That is so bad for your engine as they cannot warm up fast with no load, ie driving.

The wear you can expect from leaving a cold car idling is as much as a 200 mile trip with a warm engine.

I usually use de icer and don't get much on the paint, I would rather have a clear screen than worry about my paint when it is freezing cold in the mornings.


----------



## *Das* (Aug 9, 2010)

Mirror Finish said:


> That is so bad for your engine as they cannot warm up fast with no load, ie driving.
> 
> The wear you can expect from leaving a cold car idling is as much as a 200 mile trip with a warm engine.
> 
> I usually use de icer and don't get much on the paint, I would rather have a clear screen than worry about my paint when it is freezing cold in the mornings.


Couldnt agree more!! :thumb:


----------



## thehogester (Jun 15, 2008)

Interesting, never thought of that. Neighbours wouldn't be happy, but would revving the engine on the drive be better then?

Obviously won't be as ideal as just driving.


----------



## powelly (Aug 9, 2007)

thehogester said:


> Interesting, never thought of that. Neighbours wouldn't be happy, but would revving the engine on the drive be better then?
> 
> Obviously won't be as ideal as just driving.

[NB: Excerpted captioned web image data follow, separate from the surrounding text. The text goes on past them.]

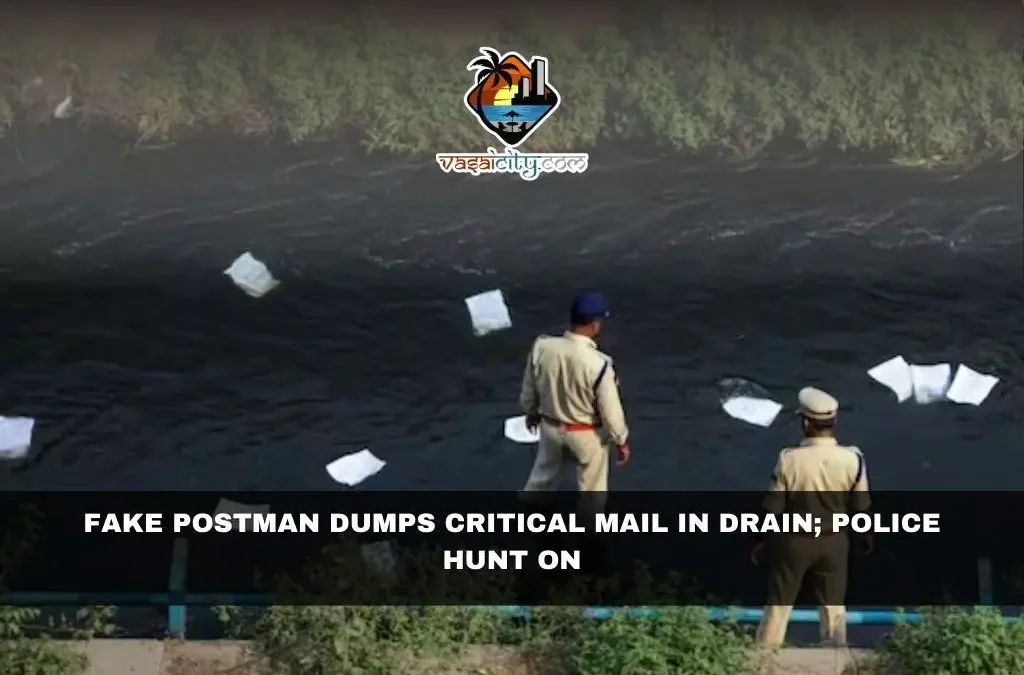 Fake Postman Dumps Critical Mail in Drain; Police Hunt On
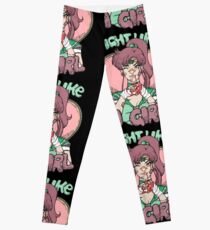 Sailor Moon- Fight Like a Girl (Sailor Jupiter) Leggings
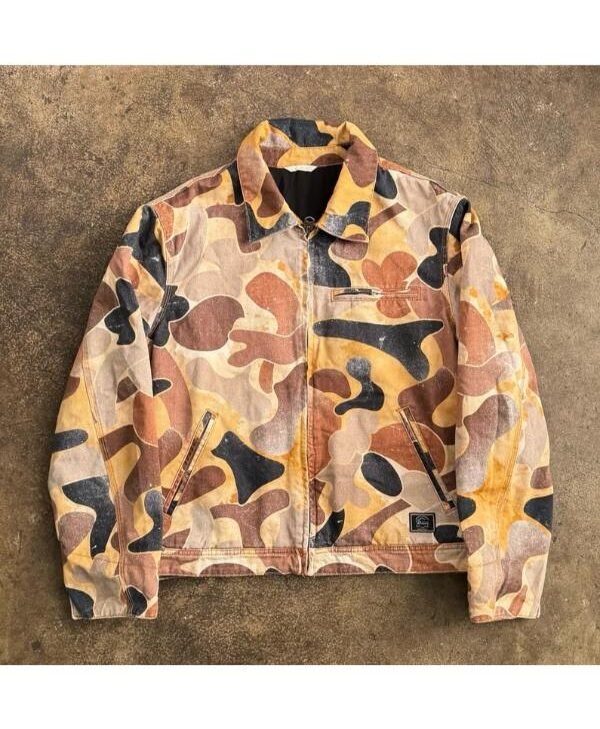 The Traitors US S04 Yellow Camo Print Jacket front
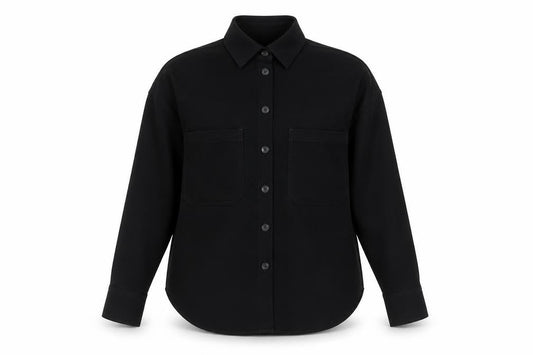 Next Women’s Black Button-Up Long Sleeve Polyester Shirt Size 10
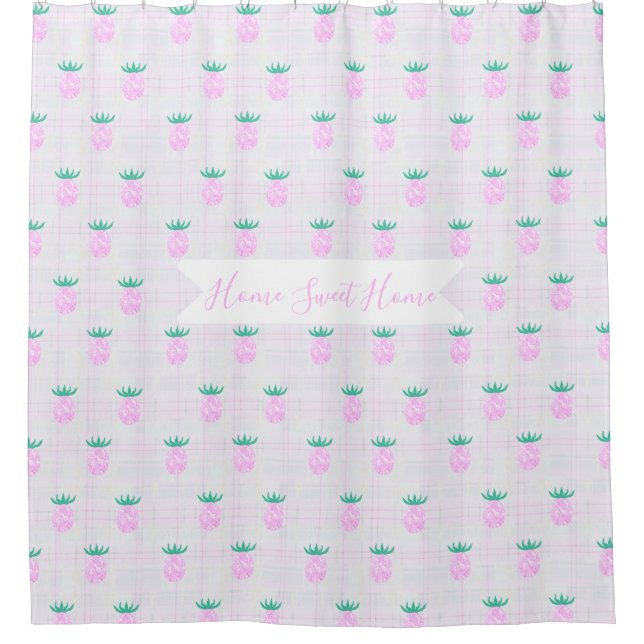 Home Grown Pineapples Shower Curtain (Front)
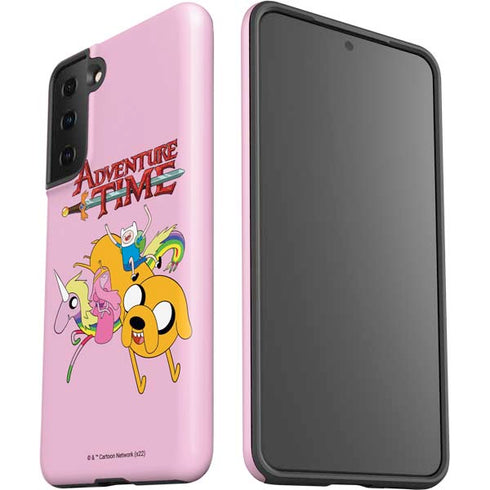 Adult Swim Adventure Time Riding in a Unicorn Galaxy S21 Plus 5G Pro Case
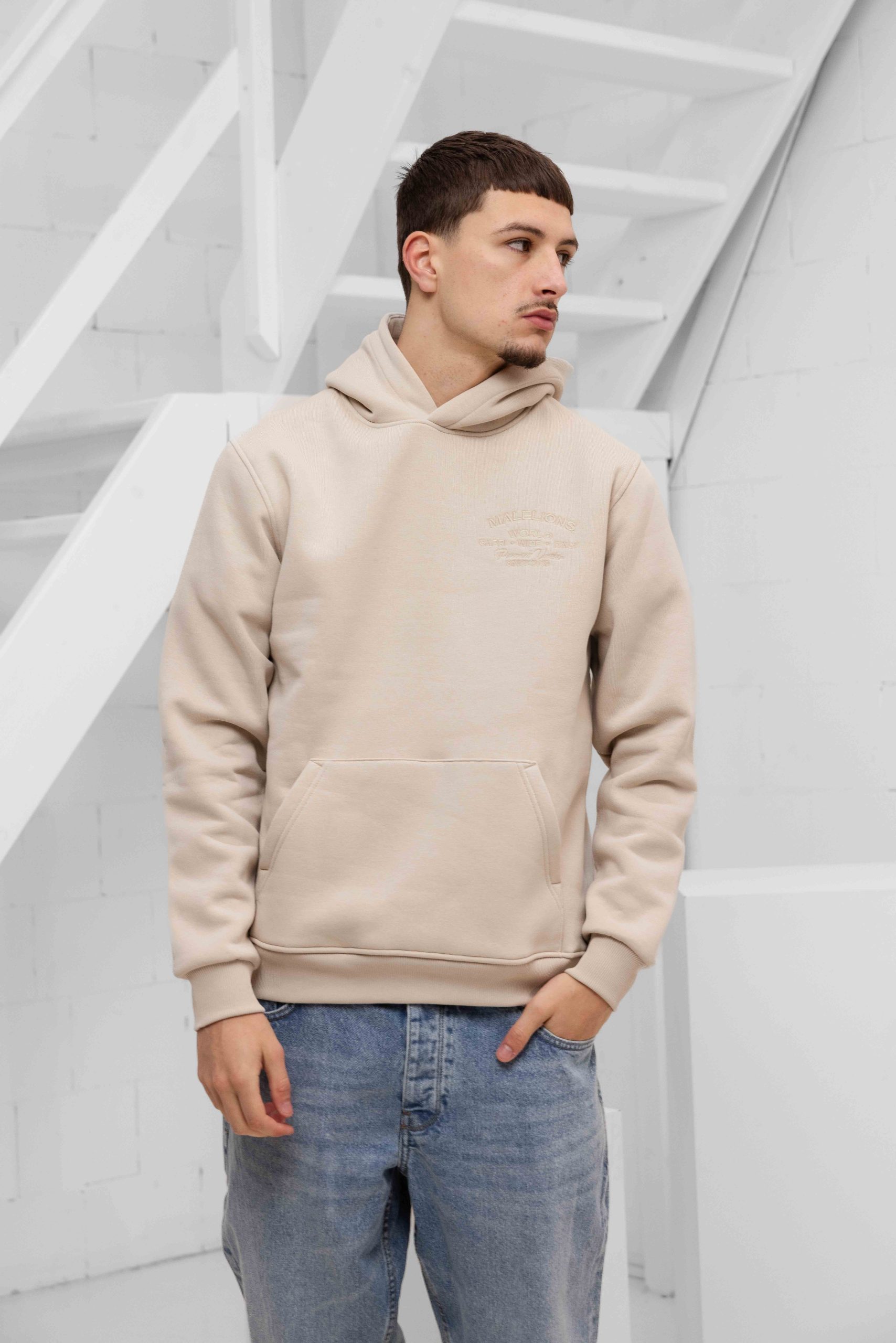 Malelions Permanent Vacation Hoodie Heren Lichtbruin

NO, that's even worse, fueling when there is no load on the engine is all over the shop, just get in it and drive it. Personally, like many on here, I use the warm water method, it seems to have the effect of de misting the inside of the screen too, I did this all of last winter and when required this year, never failed yet.


----------



## Daza (Sep 30, 2009)

I just use a ice scraper! warms you up in the process too and takes 5 mins max


----------



## bigmc (Mar 22, 2010)

Cold water from the tap is best, I did it this morning -9°C when I left for work according to the in car thermometer, 2 litres of water from the cold tap and away I went, was idling on the drive for less than 30 seconds, albeit a Ford with heated front screen and climate control helps a wee bit.


----------